CISA voegt Erlang SSH en roundcube fouten toe aan bekende uitgebuite kwetsbaarhedencatalogus

De US Cybersecurity and Infrastructure Security Agency (CISA) heeft maandag twee kritische beveiligingsfouten toegevoegd die van invloed zijn op Erlang/Open Telecom Platform (OTP) SSH en RoundCube aan de bekende uitgebuite catalogus van de Vulnerabilities (KEV), gebaseerd op bewijs van actieve uitbuiting.

De kwetsbaarheden in kwestie worden hieronder vermeld –

  • CVE-2025-32433 (CVSS -score: 10.0) – Een ontbrekende authenticatie voor een kwetsbaarheid van kritieke functie in de Erlang/OTP SSH Server waarmee een aanvaller willekeurige opdrachten kan uitvoeren zonder geldige referenties, wat mogelijk leidt tot ongeautoreerde externe externe code -uitvoering. (Opgelost in april 2025 in versies OTP-27.3.3, OTP-26.2.5.11 en OTP-25.3.2.20)
  • CVE-2024-42009 (CVSS -score: 9.3) – Een cross -site scripting (XSS) kwetsbaarheid in roundcube webmail waarmee een externe aanvaller via een bewerkt e -mailbericht via een bewerkt e -mailbericht kan stelen en verzenden door te profiteren van een desanitisatieprobleem in programma/acties/mail/show.php. (Opgelost in augustus 2024 in versies 1.6.8 en 1.5.8)

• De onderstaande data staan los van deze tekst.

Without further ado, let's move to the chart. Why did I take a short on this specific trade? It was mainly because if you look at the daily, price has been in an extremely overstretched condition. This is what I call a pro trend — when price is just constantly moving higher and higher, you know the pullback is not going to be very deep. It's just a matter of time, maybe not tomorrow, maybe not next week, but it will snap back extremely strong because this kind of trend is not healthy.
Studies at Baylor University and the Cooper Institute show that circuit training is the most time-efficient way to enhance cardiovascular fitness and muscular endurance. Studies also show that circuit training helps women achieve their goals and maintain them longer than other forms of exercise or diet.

Er zijn momenteel geen details over hoe de twee kwetsbaarheden in het wild worden uitgebuit, en door wie. Vorige maand onthulde ESET dat de Rusland-gekoppelde dreigingsacteur die bekend staat als APT28 verschillende XSS-fouten in Roundcube, Horde, Mdaemon en Zimbra exploiteerde om overheidsinstanties en defensiebedrijven in Oost-Europa te richten. Het is niet duidelijk of het misbruik van CVE-2024-42009 gerelateerd is aan deze activiteit of iets anders.

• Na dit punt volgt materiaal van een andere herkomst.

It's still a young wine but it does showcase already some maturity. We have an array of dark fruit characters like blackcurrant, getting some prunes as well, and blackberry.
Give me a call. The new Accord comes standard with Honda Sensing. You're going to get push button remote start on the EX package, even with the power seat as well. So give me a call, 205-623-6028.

Volgens gegevens van Censys zijn er 340 blootgestelde Erlang -servers, hoewel het merkt op dat niet alle instanties noodzakelijkerwijs gevoelig zijn voor de fout. De openbare openbaarmaking van CVE-2025-32433 is snel gevolgd door de release van verschillende proof-of-concept (POC) exploits ervoor.

In het licht van actieve uitbuiting moeten federale civiele executive branch (FCEB) agentschappen de nodige oplossingen toepassen vóór 30 juni 2025, voor optimale bescherming.

De ontwikkeling komt als PatchStack een niet-gesprongen accountovernam-kwetsbaarheid in de PayU CommercePro-plug-in voor WordPress (CVE-2025-31022, CVSS-score: 9.8) markeerde, waarmee een aanvaller een aanvaller in staat stelt om de controle over een gebruiker van een site zonder enige authenticatie te grijpen.

Dit kan ernstige gevolgen hebben wanneer de aanvaller in staat is om een ​​beheerdersaccount te kapen, waardoor ze de site kunnen overnemen en kwaadaardige acties kunnen uitvoeren. De kwetsbaarheid beïnvloedt versies 3.8.5 en daarvoor. De plug -in heeft meer dan 5.000 actieve installaties.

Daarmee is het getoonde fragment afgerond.